We use rules to purchase order, but at what cost? Perhaps the meaning in life, if we aren’t careful.

Unfortunately, this type of periodic review is rare in the halls of bureaucratic government.

Bureaucracy sustains itself and cares little for life. The authors of the rules are disconnected from their effects. Sometimes, they’re long dead. The enforcers ignore the suffering caused by the rules, otherwise they risk their jobs.

Sometimes, rules once deemed necessary end up inhibiting future innovation.

The medical model of a nursing home was established in the 1950s, as government regulators sought to end abuse of the elderly. The medical model focused on treating ailments, not necessarily improving the quality of life of residents. Backed by force of law, the medical model prevailed for decades, with nursing homes resembling hospitals.

Curing Loneliness

In the early 1990s, a rural physician, Bill Thomas, proposed the Eden Alternative as an alternative paradigm for long-term care.

Thomas’s idea was simple. The elderly don’t just have illnesses. They’re also afflicted with loneliness, helplessness and boredom. These aren’t medical disorders, so medicine isn’t an appropriate treatment.

Makua Alii Senior Center, viewed from the parking lot, had previously allowed resident to grow vegetables and flowers. Sterling Higa/Civil Beat

Instead, the elderly are suffering from a lack of companionship, responsibility and spontaneity that only life can provide. To help, Thomas suggested bringing plants, animals and kids into the facility. At the time, this was a radical idea, and Thomas had to fight officials to make it happen.

As an experiment, Thomas brought two dogs, four cats and 100 parakeets to the Chase Memorial Nursing Home, a facility serving 80 severely disabled elderly residents. He also filled the facility with plants and encouraged staff to bring their children to work. The only thing more impressive than the amount of paperwork necessary to allow the experiment were its results.

Over the course of a two-year study, the number of issued prescriptions fell. The total drug costs dropped dramatically. And the number of deaths decreased.

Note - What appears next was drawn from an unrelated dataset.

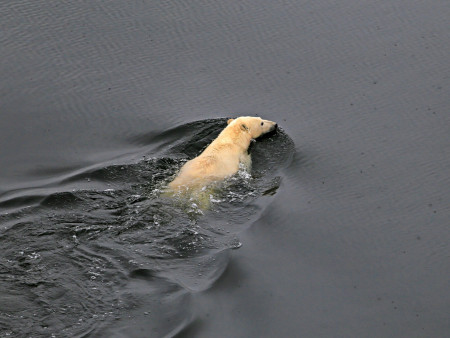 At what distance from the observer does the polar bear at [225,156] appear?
13.3 metres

Now, many medical professionals support Thomas’s model, but old rules and regulations still make it difficult to implement common sense reforms. Despite empirical evidence and common sense, the medical model prevails.

Rules In The Twilight Of Life

In his book, “Being Mortal,” the surgeon Atul Gawande notes that many people find an individualistic life to be meaningless. Quality of life increases as we assume responsibility for others. There seems to be an intrinsic human need to seek a cause beyond ourselves.

Many of the residents of Makua Alii have no nearby family members or dependents. They live on their own, and they suffer all the ailments that attend old age.

They may seem insignificant, but the gardens provide a sense of purpose and community. Residents grow food and share with their neighbors. Rather than being reduced to pure dependency, they retain dignity and independence in their twilight years.

There are good reasons to regulate the gardens, to ensure basic standards of cleanliness and order. But to destroy the gardens in service of a “rule” feels insensitive and clumsy. Better to act in the spirit rather than the letter of the law. Even better to change the law.

Our rules and regulations are wondrous things. They allow us to order and structure life.

We use rules to purchase order, but at what cost? Perhaps the meaning in life, if we aren’t careful.